EXPRESSING WHAT YOU’VE BEEN THROUGH
“How was your morning?” Virginia asks a student.
“Bad,” he replies.
The actors quickly move into position, creating a moving snapshot of a scene depicting a “bad” morning that brings laughter from the audience.
The exercise doesn’t attempt to recreate the child’s morning. Instead, it conjures up emotions, communicates feelings. Under Virginia’s expert guidance, the performance quickly takes shape. The focus gradually shifts from, “How was your morning” to the realm of bullying, as the children begin expressing their own thoughts on what bullying looks like and how it makes both the bully and the bullied feel.

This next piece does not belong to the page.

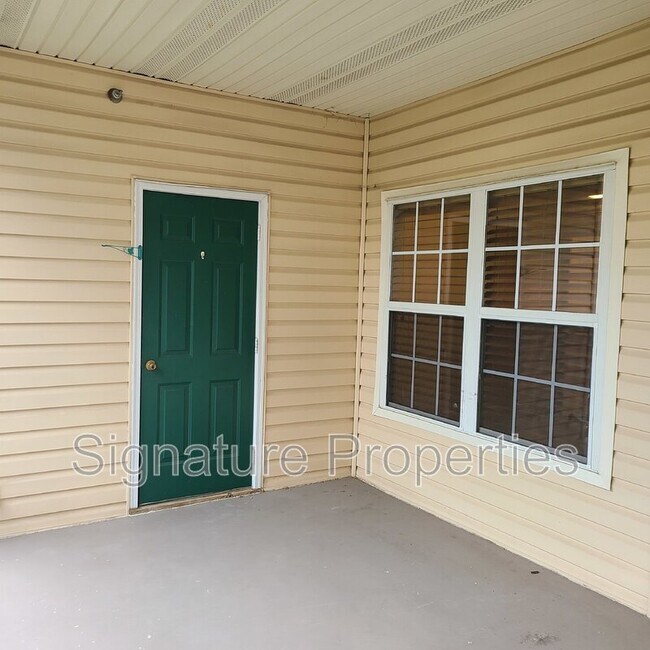 Building Photo - 830 Brassie Ln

Says Playback member Susannah Hyde, “This is a way to express what you’ve been through. It is about them performing for their peers. We’re just here to back them up because it is still so new to them.” In expressing what one has been through, you allow others with differing experiences to share, almost live, the experience themselves.
The evidence of the method’s effect is obvious. As the children learn the difference between bullying and fighting, as they discover they share similar feelings about being bullied, their attention to the scenes grows. Now they sit at the edge of their seats, almost every hand shooting up when the next question is asked. The children recognize that their peers have the same feelings, the same doubts and questions that they have. There is enlightenment.

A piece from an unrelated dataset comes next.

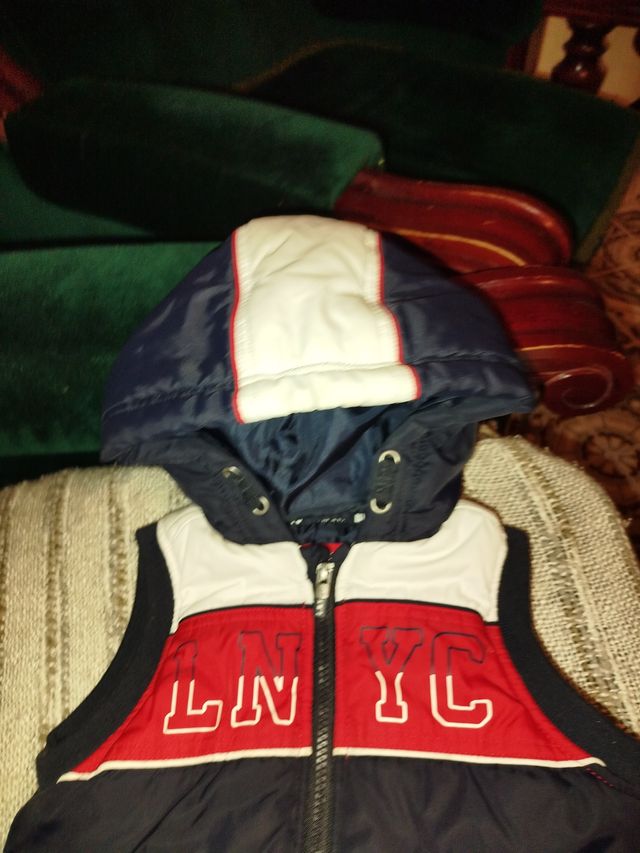 Chaleco niño con capucha Talla 4 años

“This is more intuitive than just hearing about it,” notes Playback member Darius Wallace of their method. “Working with intense subject matter, you see kids gaining transformative ideas during the process.” In mid-performance, one student takes a seat at the front of the audience and tells the story of his own bullying experience. The actors, both adult and student, take on the roles of those involved.
The boy’s experience comes to life once again, but this time, his situation become a learning experience for all.